Sepakat atau tidak pada tulisan saya ini, bahasa tulisan pun merupakan suatu manifestasi, bahkan pertanggungjawaban atas integritas-kualitas seorang arsitek. Kalau melalui bahasa gambar seorang arsitek bisa berkelit dengan jawaban “maksudku bukan begitu”, atau “aku nggak pernah mengatakan itu”, berbeda lagi ketika melalui sebuah tulisan.
Tulisan merupakan sebuah manifestasi atas kadar intelektual si penulis, yang dalam hal ini adalah arsitek. Keberaniannya mengungkapkan hal-hal arsitektural melalui gagasan (konsep) atau ulasan tertulis berupa esai atau opini mengenai suatu bangunan dan lain-lain, bagi saya, sudah patut diapresiasi.

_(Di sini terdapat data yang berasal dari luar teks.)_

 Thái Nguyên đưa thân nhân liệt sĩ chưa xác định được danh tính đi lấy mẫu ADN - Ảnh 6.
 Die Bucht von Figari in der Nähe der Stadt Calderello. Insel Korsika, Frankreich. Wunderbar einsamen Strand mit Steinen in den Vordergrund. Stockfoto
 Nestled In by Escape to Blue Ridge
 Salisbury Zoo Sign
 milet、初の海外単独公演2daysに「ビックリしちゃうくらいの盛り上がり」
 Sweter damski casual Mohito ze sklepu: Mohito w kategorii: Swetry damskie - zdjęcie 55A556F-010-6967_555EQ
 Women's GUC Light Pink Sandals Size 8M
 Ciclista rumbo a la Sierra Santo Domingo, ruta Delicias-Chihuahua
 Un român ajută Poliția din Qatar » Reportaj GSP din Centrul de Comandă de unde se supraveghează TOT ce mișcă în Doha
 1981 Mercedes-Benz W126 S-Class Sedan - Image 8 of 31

Artinya, si arsitek siap bertanggung jawab dengan pemikirannya secara verbal.
Tetapi, meskipun melalui bahasa tulisan bisa terbaca dan terpahami, tetap saja seorang arsitek bisa berkelit dengan jawaban “maksudku bukan begitu”. Ya, bahasa tulisan memang masih memberi tafsiran lain, seperti juga ayat-ayat suci dalam kitab suci. Nah, apalagi kalau hanya tulisan seorang arsitek, ‘kan?
Tidak perlu repot soal perkelitan atau ketidaksucian-ketidakjujuran. Cukup terfokus pada tulisan seorang arsitek mengenai gagasan atau ulasan terhadap suatu perancangan, bangunan jadi, tata bangunan, kawasan, dan hal-hal yang berkaitan dengan arsitektur.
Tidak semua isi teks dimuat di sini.